審問局長執務室は、深夜遅くになっても灯が消えることはない。
現在時刻、第三刻。日付が一二日に変わってしばらく経つ。
正真教教会枢機卿、審問局長マリア・ルテシア・クーデルアは、暖炉の薪が小さく爆ぜる音だけが満ちる執務室の中で、素早く羽根ペンを書面に走らせていた。
書類に目を通し、決裁し、サインをする。

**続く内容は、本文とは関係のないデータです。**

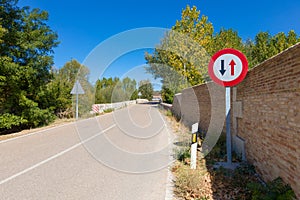 Priority pass signal in narrow rural road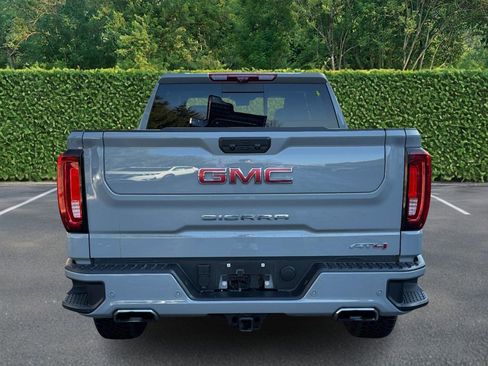 Used 2025 GMC Sierra 1500 AT4 w/ AT4 Premium Package image 8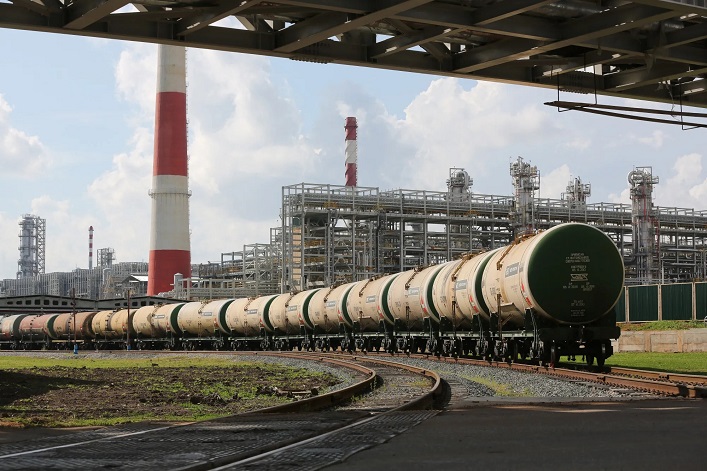 Росія за пів року втратила $20 млрд внаслідок падіння нафтових цін і зупинки газового маршруту через Україну.
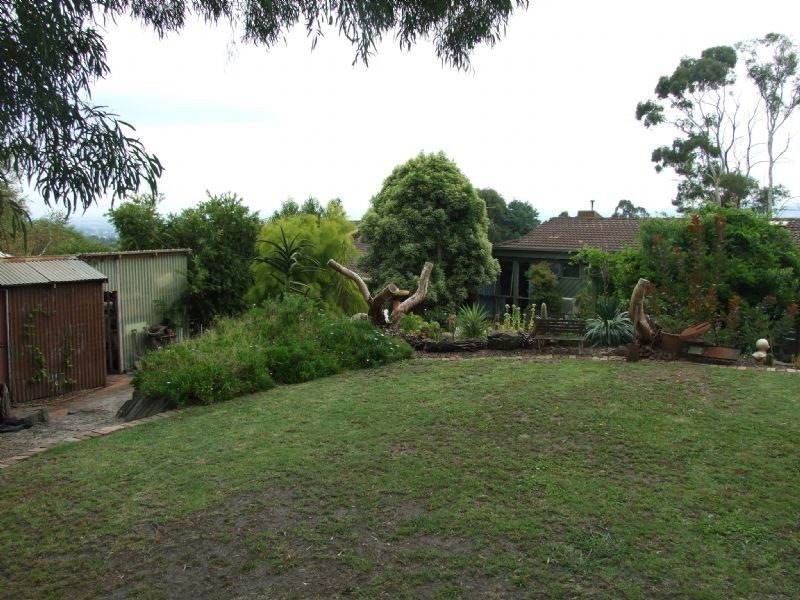 8 Fairway Dv, Yallourn Heights, Newborough VIC 3825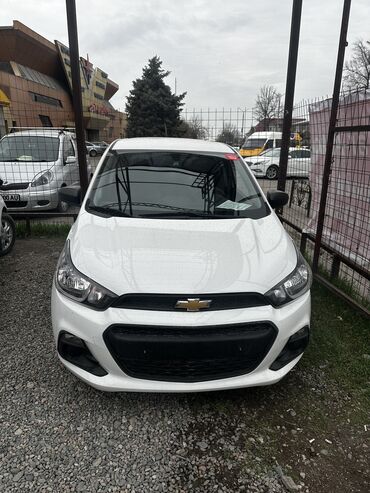 Chevrolet: Chevrolet Spark: 2018 г., 1 л, Автомат, Бензин, Хэтчбэк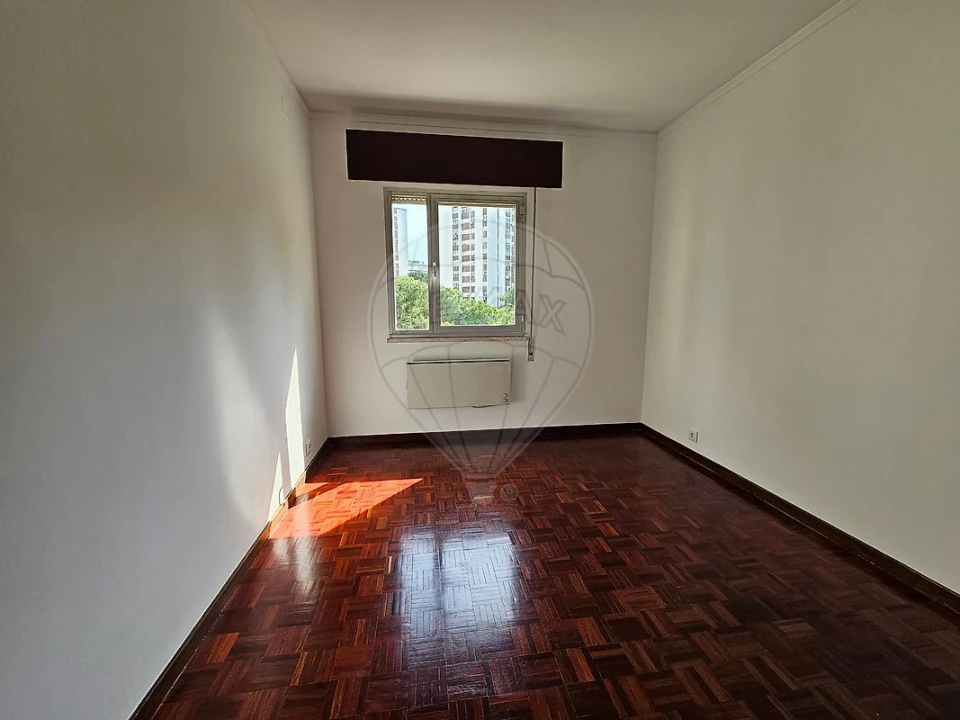 Apartamento T3 para Arrendamento em Santo António dos Cavaleiros e Frielas Foto 14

突き詰めてしまえば、クーデルアの仕事の八割はそれである。言葉にすればひどく単純ではあるが、局長ともなれば量が尋常ではない。
仕事熱心さにおいては人後に落ちないことで知られるクーデルアは、余程のことがない限り、その日届けられた書類の処理を翌日に廻すことはない。だからこそ、このような時刻まで仕事をしているのだとも言えるが。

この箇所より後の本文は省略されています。